Maersk, which moves about a fifth of the world’s containers on its ships, has been reaping the benefits of the rattled global supply strains that have pushed up ocean freight rates to record levels this year and caused backlogs at U.S. ports.

It has been using acquisitions to expand beyond ocean freight into inland logistics. It wants to capture a bigger share of the market moving goods between Asian and U.S. ports, and then from ports into warehouses or businesses and even the last mile to a person’s home.

“We are buying a company that can serve our customers by providing goods to physical stores and also deliver goods to the door of the consumer that are bought online,” Maersk Chief Executive Soren Skou said in an interview. “LF Logistics can do both and it can do it in Asia in a big way.”

Mr. Skou expects ocean freight rates to fall next year as consumer demand for manufactured goods, especially in the U.S., has started to ease, but sees sustained growth in inland cargo distribution.
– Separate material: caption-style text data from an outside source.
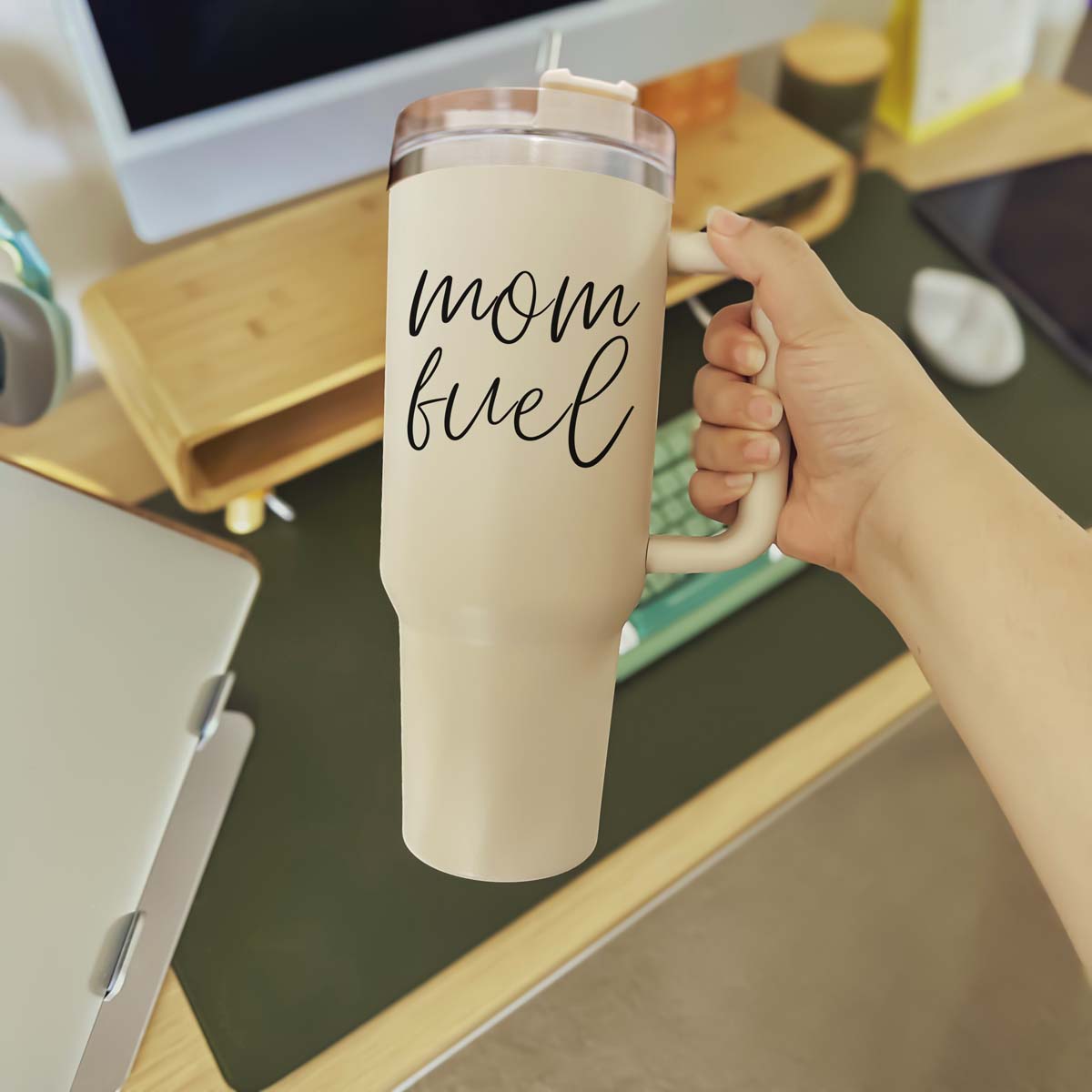 Mom Life Tumblers with Straw and Lid, Funny Mothers day tumbler gift ideas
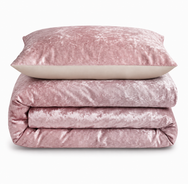 Intimates Ombre Crushed Velvet Duvet Cover & Pillowcase Set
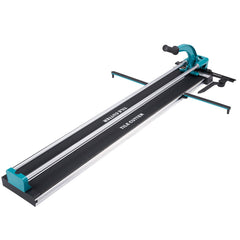 Manual Tile Cutter, 1200mm, Porcelain Ceramic Tile Cutter with Tungsten Carbide Cutting Wheel, Infrared Positioning, Anti-Skid Feet, Double Rails for professional installers or beginners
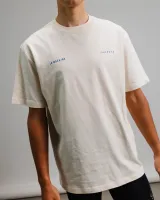 tričko Isadore X La Machine Heavy Cotton T-shirt Cream (18)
“In the next two or three decades you will see a lot of growth in Asia as hundreds of million of people move from poverty into the middle class and consume more,” he said.

By acquiring LF Logistics, an arm of Hong Kong supply-chain manager Li & Fung Ltd., Maersk gains control of a network of 223 distribution centers across Asia and more than 250 customers globally, according to LF’s website. LF also provides freight forwarding services for retailers, manufacturers and other cargo owners. The Wall Street Journal had previously reported a deal was near.

Maersk is a $60 billion company in terms of annual revenue with about $10 billion currently coming from logistics. Mr. Skou said that over the next five years the logistics part will have a much bigger share than what it has today with annual growth expected at more than 10%.

“I don’t know which part will be bigger, but what I know is that we want to change from a company that ships boxes from Hong Kong to Rotterdam to a company that serves our customers across the supply chain,” he said.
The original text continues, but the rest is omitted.